I have a priority problem in my grammar, and I don't have any more idea to fix it.
I'm using Lark
Here is the thing (I have simplified the problem as much as I can):
from lark import Lark
parser = Lark(r"""
start: set | set_mul
set_mul: [nb] set
set: [nb] "foo"
nb: INT "x"
%import common.INT
%import common.WS
%ignore WS
""", start='start')
input = "3xfoo"
p = parser.parse(input)
print(p.pretty())
The output is :
start
set_mul
set
nb 3
But what I want is :
start
set_mul
nb 3
set
I tried to put priority in my rules, but it's not working.
Do you have any idea of what I would need to change to make it work ?
Thanks
A simple solution might be to re-write your grammar to remove the ambiguity.
parser = Lark(r"""
start: set | set_mul
set_mul: nb | nb set | nb nb_set
set: "foo"
nb_set: nb set
nb: INT "x"
%import common.INT
%import common.WS
%ignore WS
""", start='start')
This way, each of the following inputs has only one possible interpretation:
input = "3xfoo"
p = parser.parse(input)
print(p.pretty())
input = "3x4xfoo"
p = parser.parse(input)
print(p.pretty())
Result:
start
set_mul
nb 3
set
start
set_mul
nb 3
nb_set
nb 4
set
This is not a full answer, but gets you part way I hope. Your problem is that your grammar is ambiguous and the example you use hits that ambiguity head-on. Lark chooses to disambiguate for you, and you get the result you. see.

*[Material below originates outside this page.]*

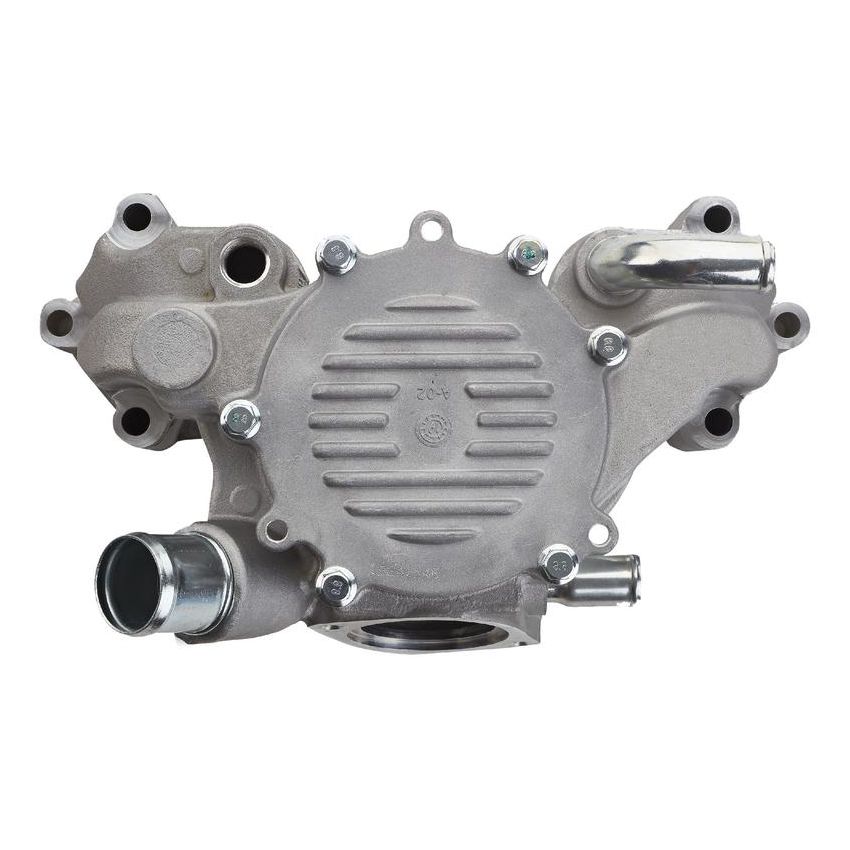 Airtex Water Pumps AW5066 Engine Water Pump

Make Lark not disambiguate, like this by adding ambiguity='explicit'
:
import lark
parser = lark.Lark(r"""
start: set | set_mul
set_mul: [nb] set
set: [nb] "foo"
nb: INT "x"
%import common.INT
%import common.WS
%ignore WS
""", start='start',ambiguity='explicit')
input = "3xfoo"
p = parser.parse(input)
print(p.pretty())
and you get this output which includes the one you want:
_ambig
start
set
nb 3
start
set_mul
set
nb 3
start
set_mul
nb 3
set
How can you encourage Lark to disambiguate to your preferred out? Good question.